> Task to complete
Since only the text is wanted, print every entry below exactly and omit the images.

*** Available data Section Begins ***

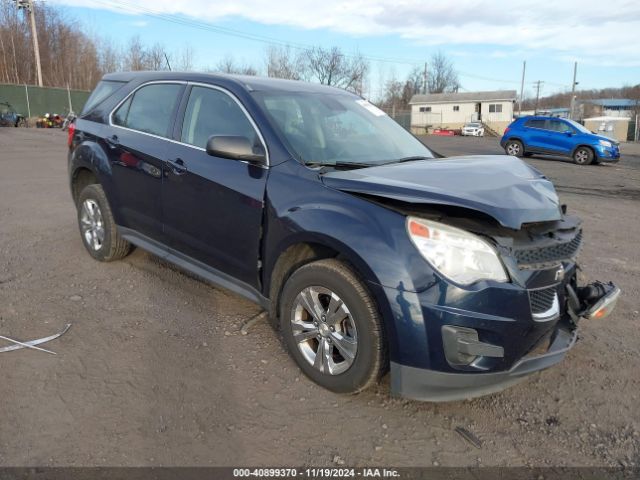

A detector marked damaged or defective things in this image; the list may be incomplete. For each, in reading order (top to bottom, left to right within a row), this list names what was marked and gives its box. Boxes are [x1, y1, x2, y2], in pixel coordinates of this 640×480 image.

damaged headlight [408, 217, 508, 284]
crumpled bumper [388, 326, 576, 402]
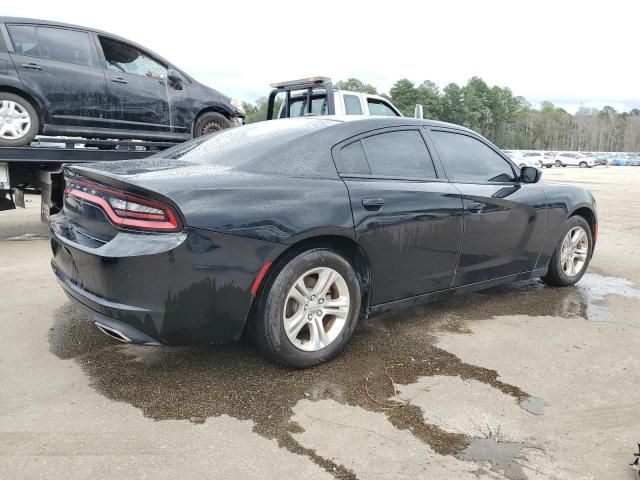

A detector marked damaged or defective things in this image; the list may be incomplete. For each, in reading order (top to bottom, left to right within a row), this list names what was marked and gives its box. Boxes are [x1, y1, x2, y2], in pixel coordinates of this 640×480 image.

damaged black suv [0, 17, 245, 146]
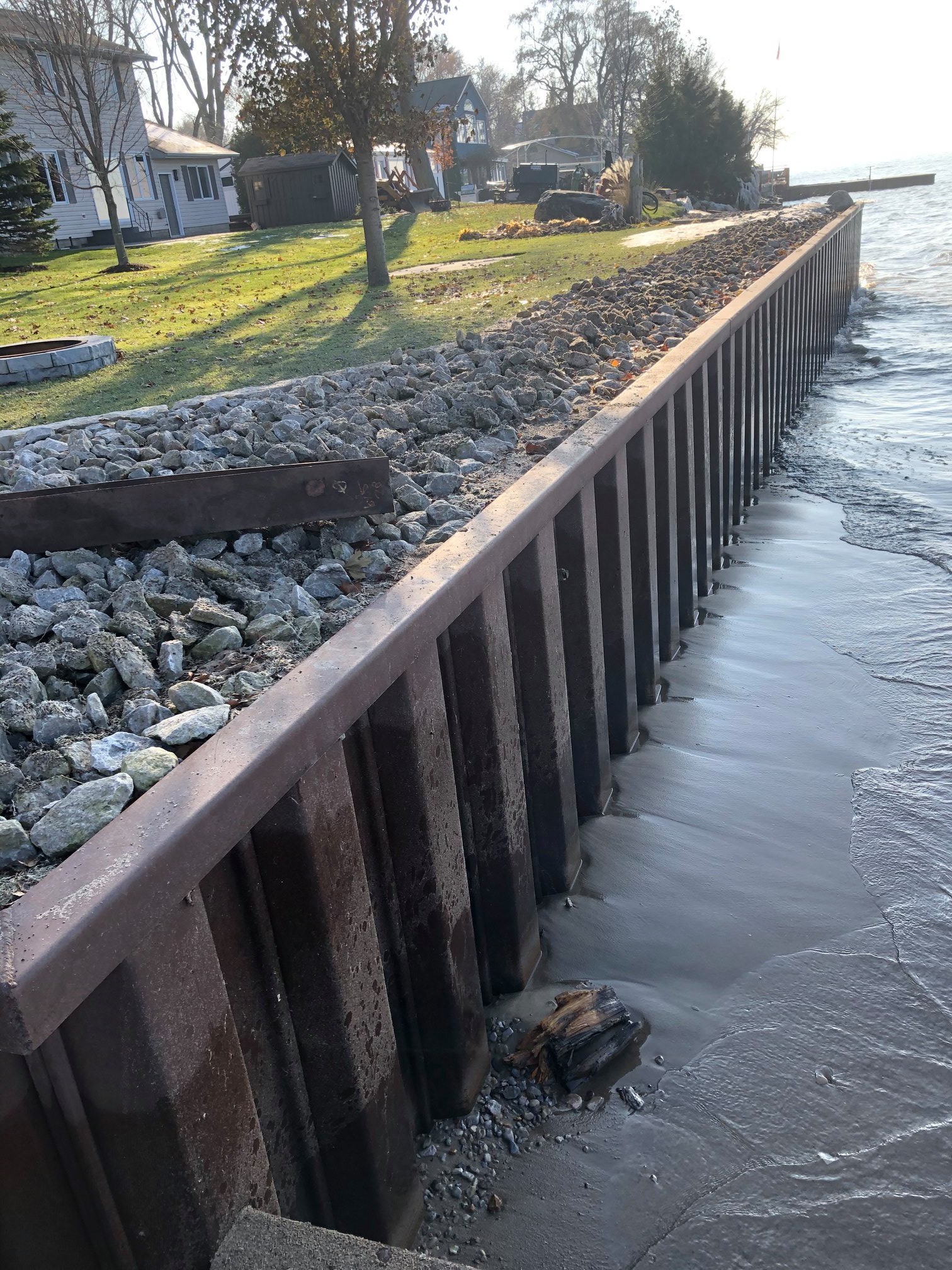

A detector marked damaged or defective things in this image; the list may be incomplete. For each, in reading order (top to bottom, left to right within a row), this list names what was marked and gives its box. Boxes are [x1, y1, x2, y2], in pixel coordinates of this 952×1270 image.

*** Available data Section Ends ***

> Problem solution
A detector marked damaged or defective things in this image; the list may be incomplete. For each, in reading order (top to bottom, left to right within a row), this list names what was marked and gives its box. Boxes are [x1, y1, x2, y2], in pixel coordinates of this 640×480 image.

damaged headlight [408, 217, 508, 284]
crumpled bumper [388, 326, 576, 402]

A detector marked damaged or defective things in this image; the list may be incomplete. For each, in reading order (top to bottom, left to right within a row), this list names what was marked and gives its box. Boxes are [x1, y1, x2, y2], in pixel coordinates of this 640×480 image.

damaged black suv [0, 17, 245, 146]

A detector marked damaged or defective things in this image; the list may be incomplete. For each, in reading order (top to bottom, left to right within a row), this list names what was marked and gives its box. Boxes are [x1, y1, x2, y2], in pixel coordinates of this 952×1270 image.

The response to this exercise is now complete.